Tuesday 29 September 2009

Let’s talk about friendship

The October 2009 company newsletter – the newsletter’s second issue, following the inaugural September 2009 issue – will have a theme of “Friendship”. The Editorial Board has invited staff to contribute an article of not more than 300 words on the topic. I have two reasons for not submitting to the newsletter. First, I’d rather write to a wider audience anyway. And second, the deadline’s passed. Hehe.

It’s a good topic for the internal company newsletter, especially since the majority of the staff is in Dubai, separated from family. Friendships, especially workplace friendships, take on a whole new significance for them.
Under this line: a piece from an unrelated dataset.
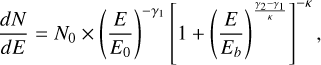 Mathematical equation: ${{dN} \over {dE}} = {N_0} \times {\left( {{E \over {{E_0}}}} \right)^{ - {\gamma _1}}}{\left[ {1 + {{\left( {{E \over {{E_b}}}} \right)}^{{{{\gamma _2} - {\gamma _1}} \over \kappa }}}} \right]^{ - \kappa }},$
“You can’t choose your family, but you can choose your friends.” Our friends, then, are a reflection of us. After all, if you choose your friends, then your selection must say something about your priorities and personality. Why would you choose a friend who is incompatible or only serves to introduce aggravation and grief into your life? And yet, we need variety. How would we discover anything if all viewpoints we encounter reflect only our own thoughts? Good thing then that we don’t have complete control over our friends.

There are many flavours of friends we collect in our lives. There are those long-term kindergarten friends, the ones we grew up with in the neighbourhood, and have maintained a relationship over the ages. It’s possible this friendship has morphed over the years, but some bonds really do last. The same can be said of all the school friends we make, from grade school to middle school, and onto high school. These are the people we spent the majority of our time with during our formative years, in a feedback loop as we formed our unique personalities. A select few will graduate with us to adult life, but most will fall by the wayside as lives separate, geographically, spiritually, philosophically, politically.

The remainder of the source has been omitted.